The Film Association
The 1970 French film Borsalino -- directed by Jacques Deray and starring Jean-Paul Belmondo and Alain Delon -- used the hat brand as its title and centred the fedora as a visual and cultural element of its 1930s Marseille gangster setting. The film's commercial success (it was one of the highest-grossing French films of its year) reinforced the hat brand's cinematic associations and gave Borsalino the kind of film exposure that money could not buy.
The film followed a long tradition of Borsalino hats appearing in cinema -- the company had supplied hats for numerous major Italian and international film productions through the mid-20th century, and the hat's distinctive quality and silhouette made it recognisable in period productions.
Decline and Revival
The general decline of hat wearing in the 1960s and 1970s affected Borsalino as it affected all hat companies.
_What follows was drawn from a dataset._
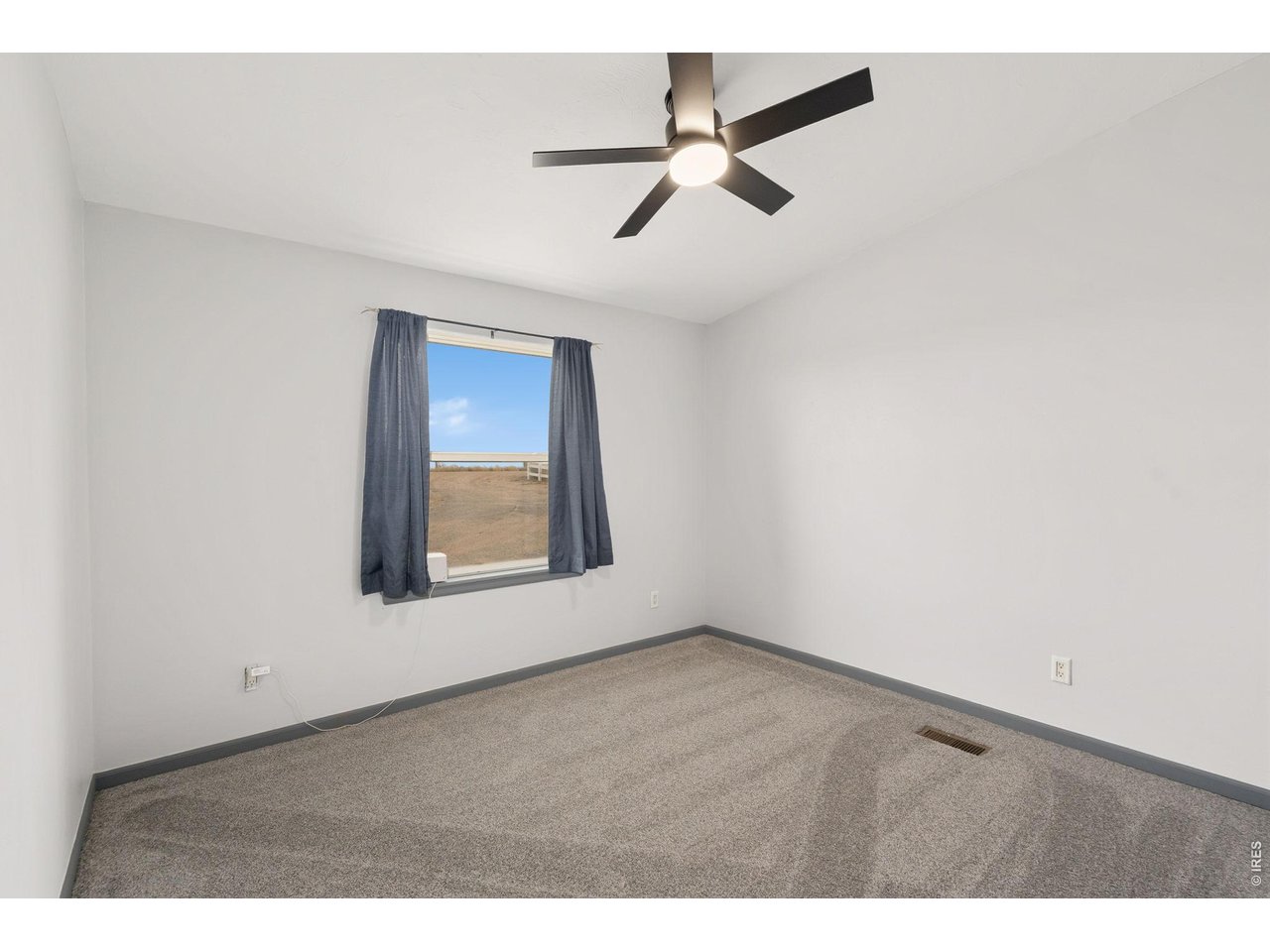 Bedroom 2 with new carpet and fan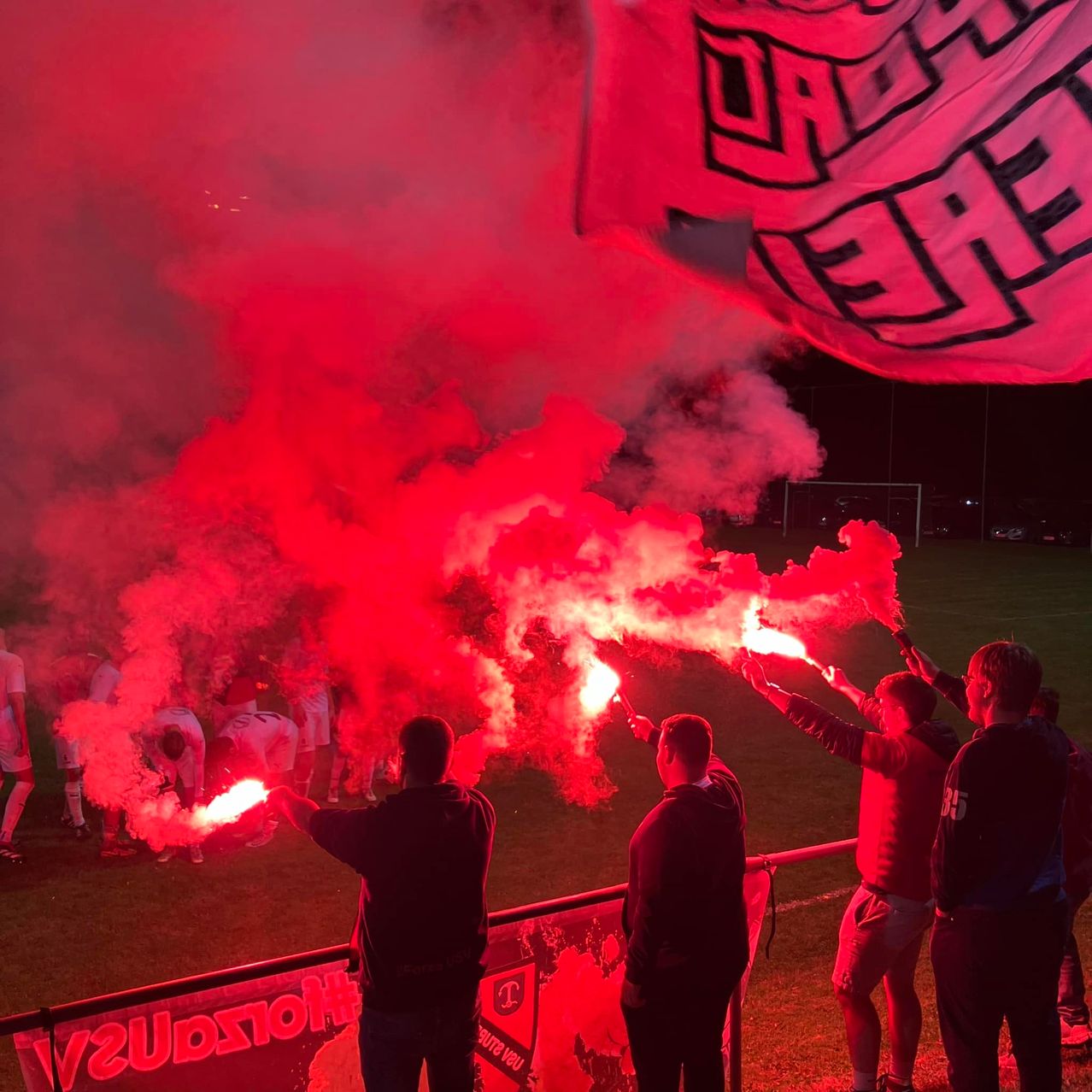 Fans bei einem Fußballspiel halten rote Fackeln und erzeugen eine dramatische Szene mit rotem Rauch, beleuchtet vom Glühen der Fackeln. Die Spieler sind im Hintergrund zu sehen.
Production volumes fell dramatically, retail locations contracted, and the company went through multiple changes of ownership through the late 20th and early 21st century, including bankruptcy proceedings in 2018.
In 2019, the company was acquired by investment interests and has been repositioning as a luxury brand rather than a volume hat manufacturer. The shift reflects the broader market reality: there is no longer a mass market for high-quality felt hats, but there is a premium market for artisan-produced Italian fedoras among buyers who understand the brand's heritage and are willing to pay accordingly.
What a Borsalino Is
A Borsalino hat at the production standard the company is known for is:
- Made from fur felt (rabbit or hare) processed through the company's lengthy traditional sequence
- Available in a range of fedora and trilby styles as well as Panama and other categories
- Finished by hand at multiple stages including brim-edge stitching and sweatband attachment
- Marked with the company's name on the interior sweatband and the exterior ribbon
The price of a Borsalino hat reflects the production cost of artisan Italian felt hat making at the current labour cost of northern Italy. This places it significantly above mid-range hat production and substantially above fast-fashion hat pricing.
Browse quality felt hats and European-crafted styles at Hatloom.
Frequently Asked Questions
What makes a Borsalino hat different from other felt hats?
The primary differences are material quality and production time. Borsalino uses fine fur felt processed over a period of approximately six to seven weeks with more than fifty individual operations. This extended processing creates a felt with a distinctive fine texture, density, and natural water resistance that is difficult to achieve in shorter, more industrialised production. Many of the production steps involve skilled manual work -- shaping, finishing, trimming -- that cannot be replicated by automated production without losing the hat's characteristic quality. A Borsalino hat holds its shape over years of wearing in a way that cheaper felt hats do not.
How can I tell if a Borsalino hat is authentic?
Authentic Borsalino hats carry the brand name on the interior sweatband and typically on a small label or stamp. The exterior ribbon usually bears the name as well. The felt quality of an authentic Borsalino -- particularly the fine texture and the natural sheen of the fur felt surface -- is difficult to replicate and distinguishable from wool felt alternatives by feel and visual inspection. Counterfeit Borsalinos exist (the brand value is high enough to make counterfeiting economically motivated), so purchasing from authorised retailers or the company directly is the reliable approach.
Is Borsalino only a men's brand?
No. While Borsalino's historical associations are largely with men's hat wearing (the fedora tradition is predominantly masculine in its 20th century context), the company has produced women's hat styles throughout its history and continues to do so. Women's fedoras, cloches, and wide-brim styles have appeared in Borsalino collections at various points. The contemporary brand positions itself as covering quality hats for all wearers rather than exclusively as a men's company.